Task item: All lines below between the line with "Choroba Alzheimera: Najnowsze" and the line with "Britain invaded Finland?", including both, must be copied exactly, and the pictures must be omitted.

Provided records:
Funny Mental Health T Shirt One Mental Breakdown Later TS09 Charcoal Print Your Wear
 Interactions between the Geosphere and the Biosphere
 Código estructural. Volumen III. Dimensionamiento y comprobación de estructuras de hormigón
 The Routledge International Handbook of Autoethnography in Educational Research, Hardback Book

--

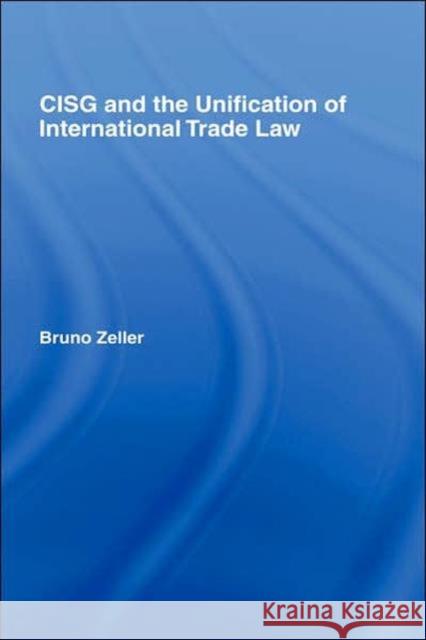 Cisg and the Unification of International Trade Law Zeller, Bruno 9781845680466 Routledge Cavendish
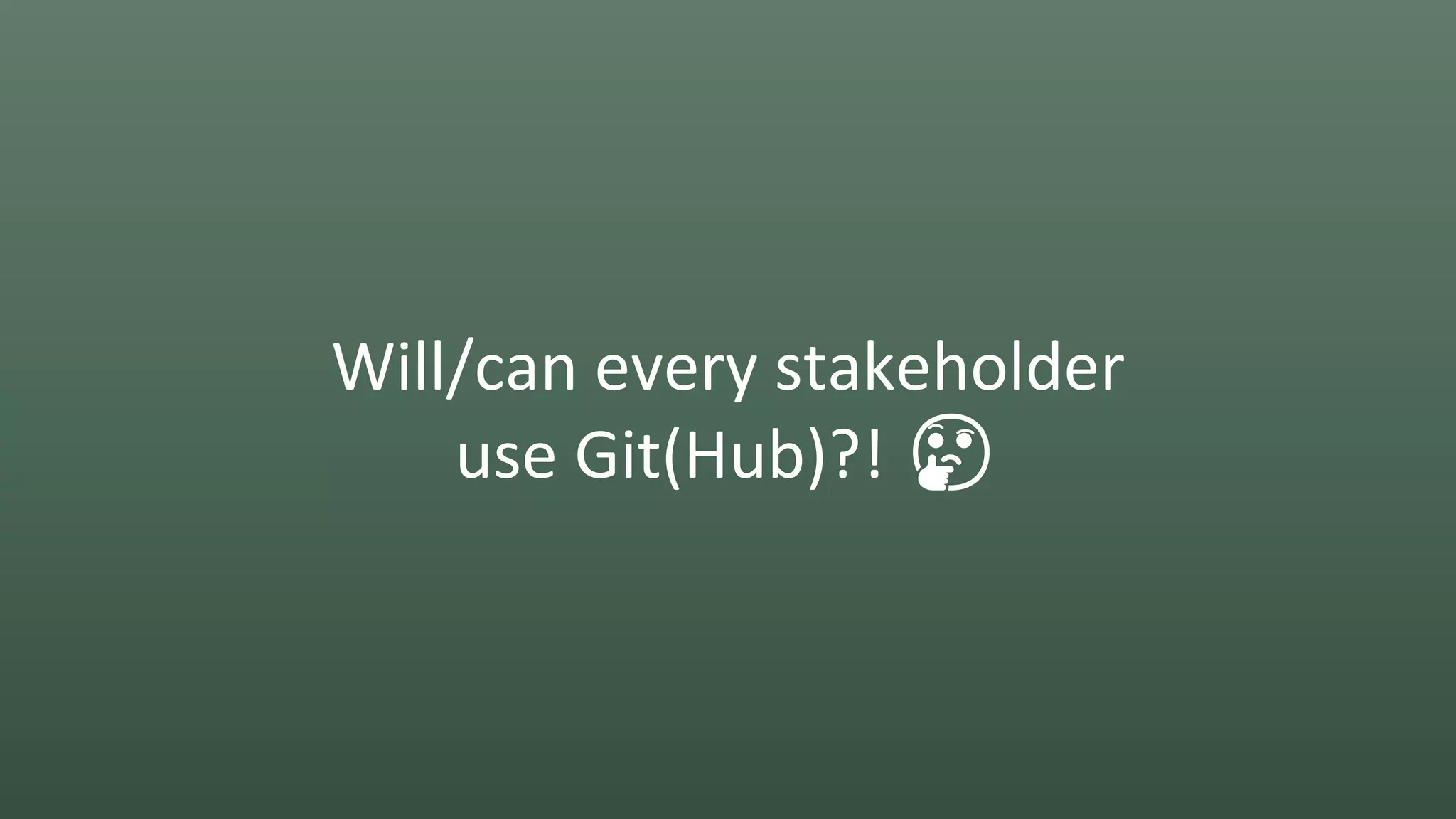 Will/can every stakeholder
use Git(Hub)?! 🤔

--

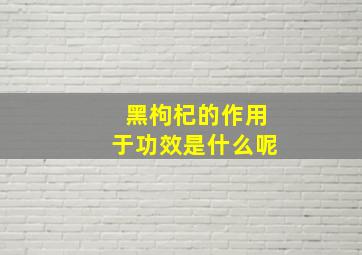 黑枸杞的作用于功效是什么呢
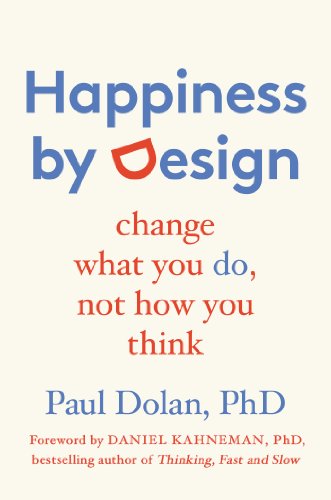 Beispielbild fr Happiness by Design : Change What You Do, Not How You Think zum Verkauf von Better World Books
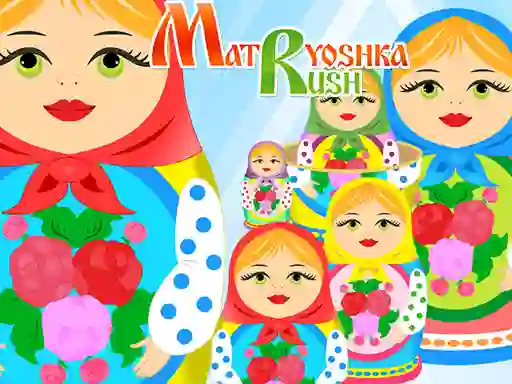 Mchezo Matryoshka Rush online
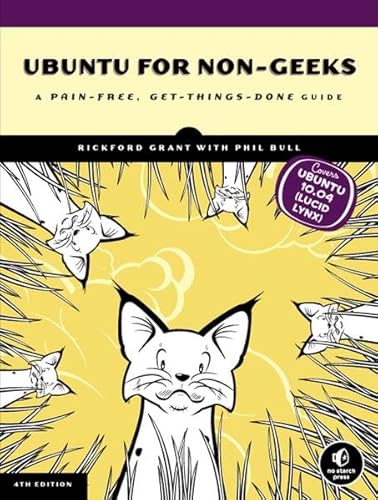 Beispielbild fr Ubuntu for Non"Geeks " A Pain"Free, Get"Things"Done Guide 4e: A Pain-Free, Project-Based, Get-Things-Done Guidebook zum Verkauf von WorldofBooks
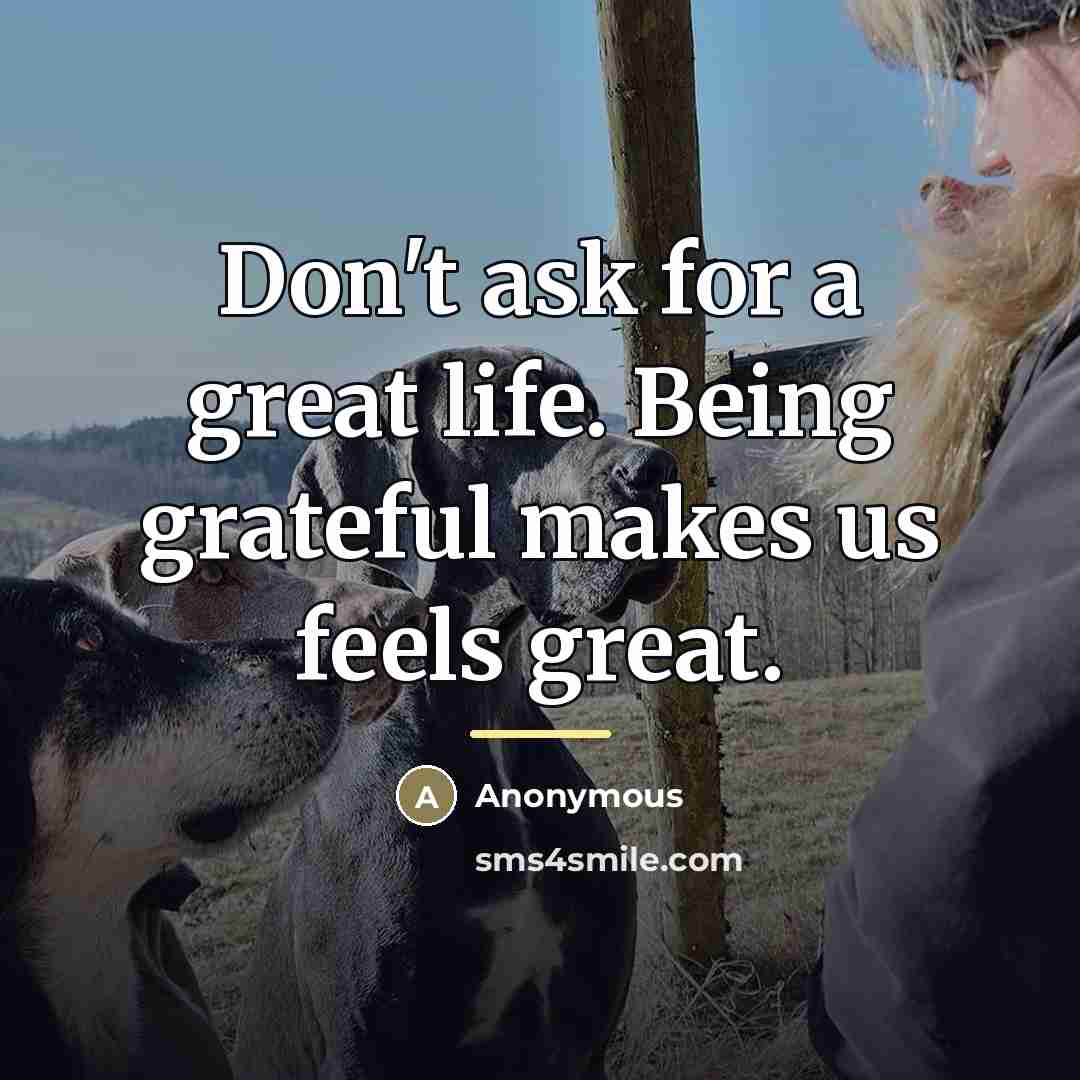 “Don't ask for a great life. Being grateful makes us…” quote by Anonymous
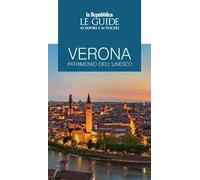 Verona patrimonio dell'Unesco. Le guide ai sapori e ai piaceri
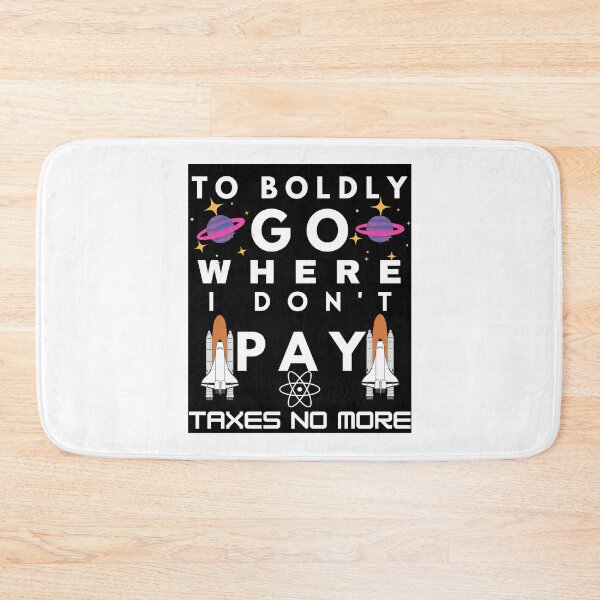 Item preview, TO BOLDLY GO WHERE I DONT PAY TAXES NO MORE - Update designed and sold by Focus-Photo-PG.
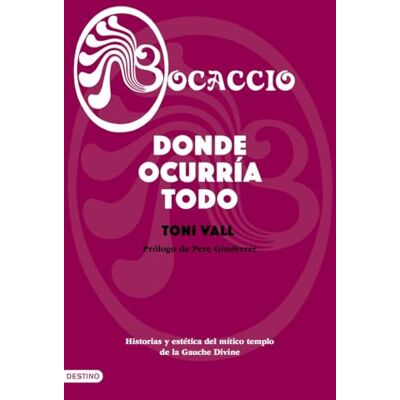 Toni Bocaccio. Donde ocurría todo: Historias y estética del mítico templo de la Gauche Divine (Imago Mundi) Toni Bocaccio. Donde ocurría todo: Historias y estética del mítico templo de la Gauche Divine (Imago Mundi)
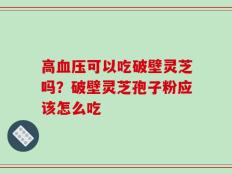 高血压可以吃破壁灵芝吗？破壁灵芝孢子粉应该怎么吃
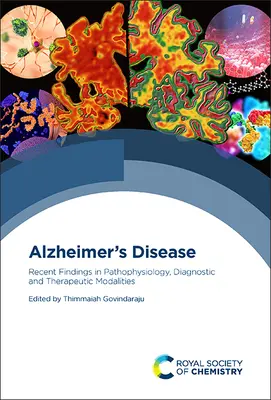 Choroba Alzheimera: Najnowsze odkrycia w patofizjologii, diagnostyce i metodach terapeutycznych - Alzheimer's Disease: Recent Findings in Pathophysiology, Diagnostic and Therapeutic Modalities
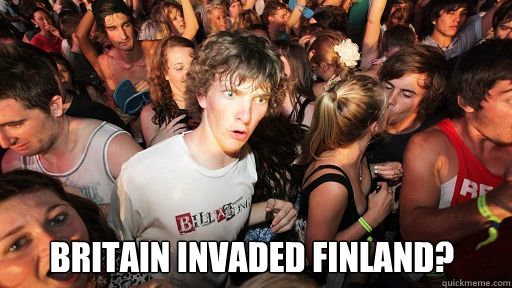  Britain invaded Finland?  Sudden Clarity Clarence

Response for this exercise:
 Choroba Alzheimera: Najnowsze odkrycia w patofizjologii, diagnostyce i metodach terapeutycznych - Alzheimer's Disease: Recent Findings in Pathophysiology, Diagnostic and Therapeutic Modalities
  Britain invaded Finland?  Sudden Clarity Clarence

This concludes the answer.